Although there is no law which compels the Zec to involve political parties in the procurement of ballot papers and to disclose suppliers of election materials, it is important for the organisation to ensure there is transparency and accountability so that our election pass the litmus test of contestability.
Beyond opening the printing of ballot papers to all political contestants, there is also greater need to ensure all other key stages of the election value chain are transparent to local, regional and international observers.
There is also need for media diversity for fairness to be observed in an election. Media plurality may not be able to offer the electorate with diverse set of news needed to make informed choices.
Going forward, the licensing of community radio and television stations should occupy centre stage in order to expose the electorate to as much more diverse campaign information as possible.
Electoral campaigns must be fair for both men and women, as well as between the old and the young. Given the patriarchal set up of our society, electoral contests which require financial resources tend to favour males and older politicians at the expense of females and younger candidates.

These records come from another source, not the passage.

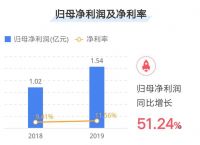 多项数据创新高 我乐家居2019年终大考业绩斐然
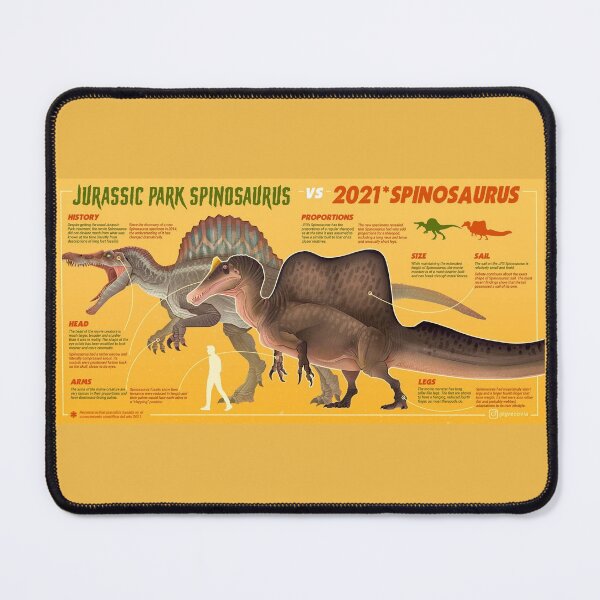 Spinosaurus Infographic Mouse Pad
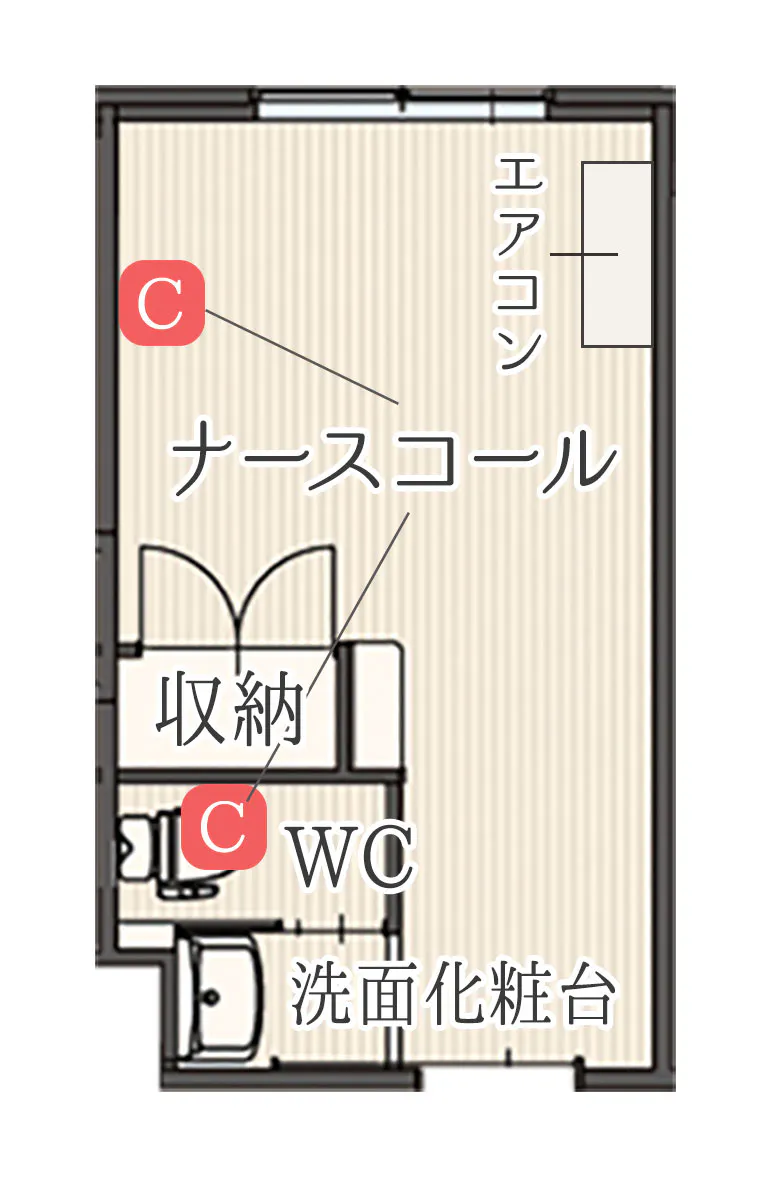 サービス付き高齢者向け住宅さくらいふ池場 間取図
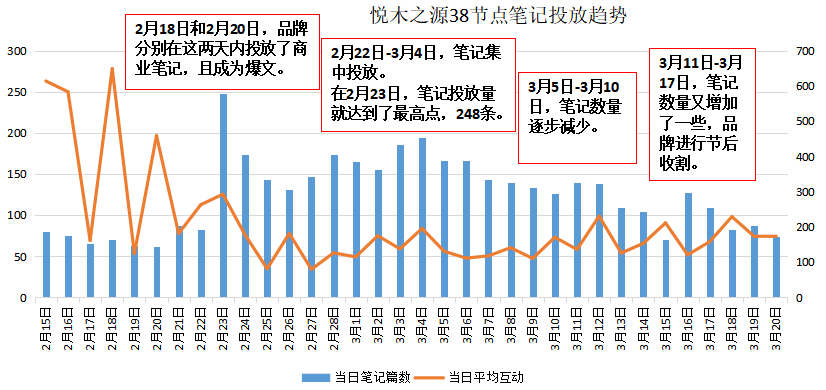 如何了解竞品的投放节奏和预算？怎么结合制作自家的品牌投放方案？（内附模板）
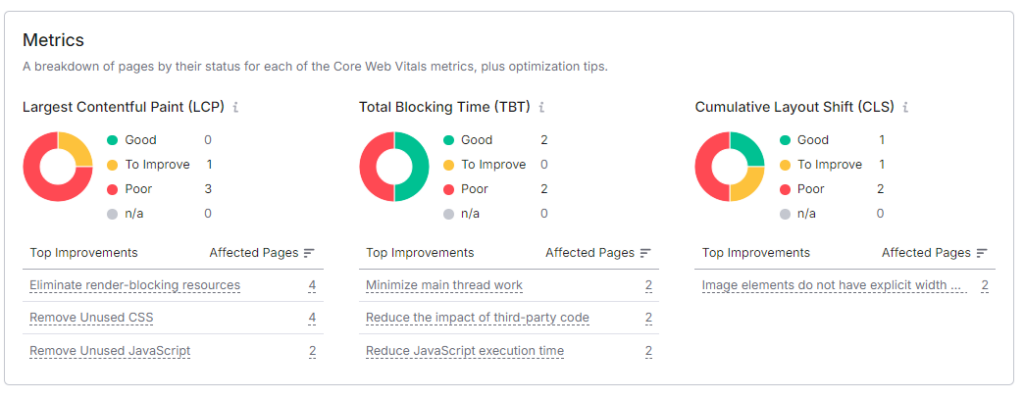 Semrush Core Web Vitals analysis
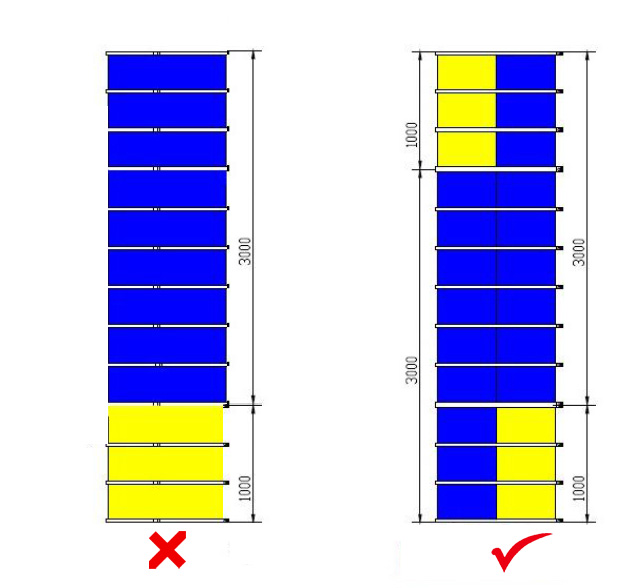 Преимущества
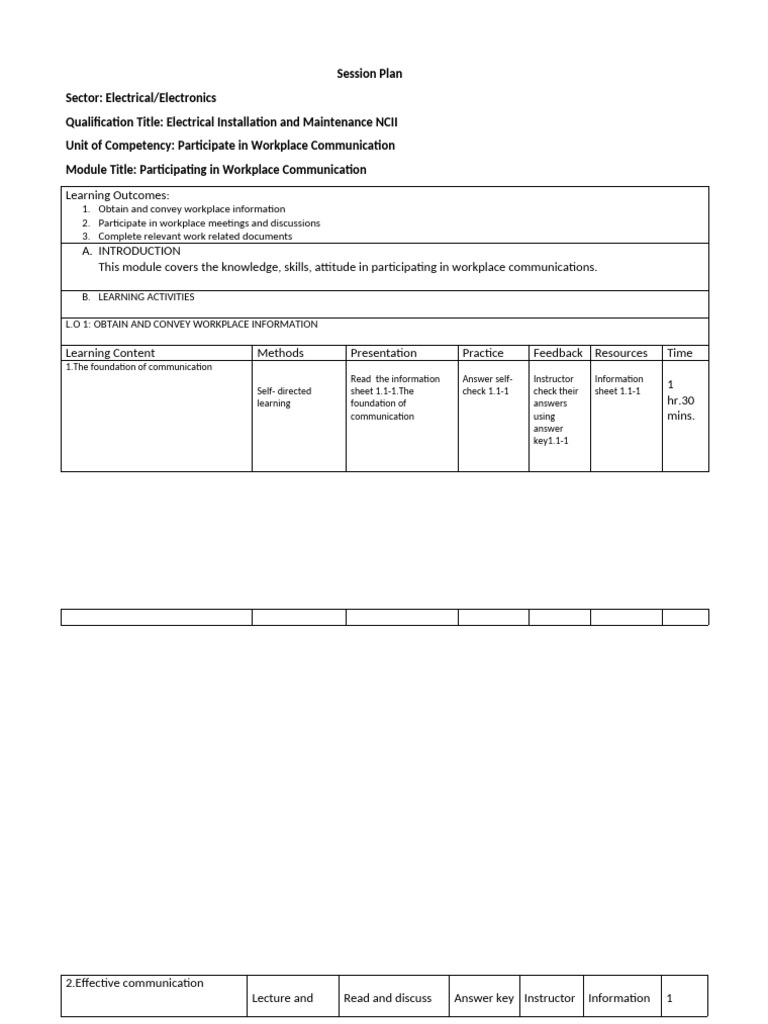 Basic Common and Core Session Plan | PDF | Occupational Safety And ...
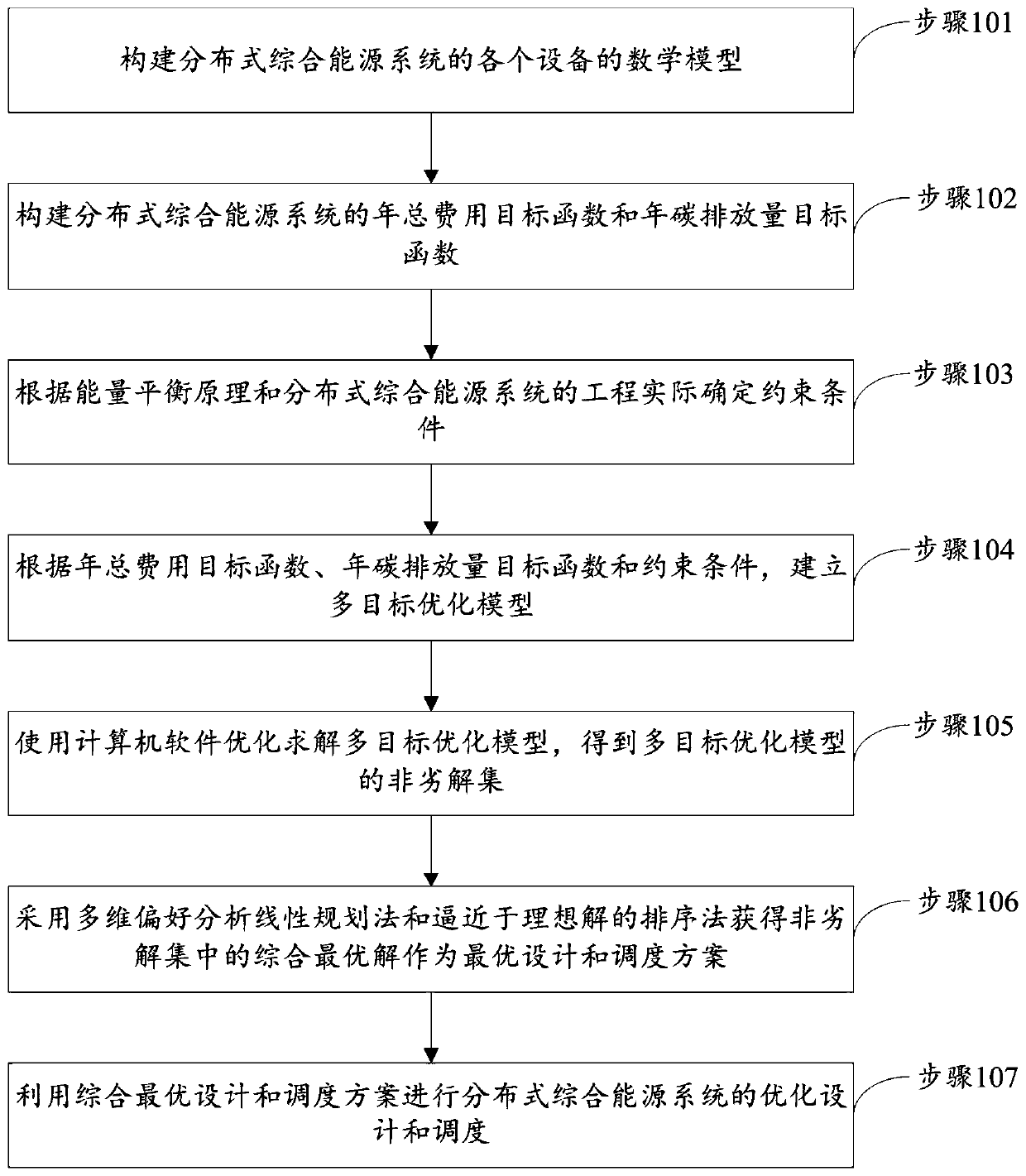 Optimized design and scheduling method and system for distributed comprehensive energy system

Female candidates, for instance, face several hurdles to navigate the brutal primary elections, which are the foundation of internal party democratic processes.
Otherwise, the African Union’s objective of the 50:50 representation will remain a pipe-dream, unless we find political will to mainstream gender and age into our formal politics.
Whilst some shifts have already taken place, there is room for a more open electoral system to be established anchored by accountability, transparency and fairness.
Dr. Admire Mare is a Senior Lecturer in the Department of Communication at the Namibia University of Science and Technology. Here, he writes in his personal capacity.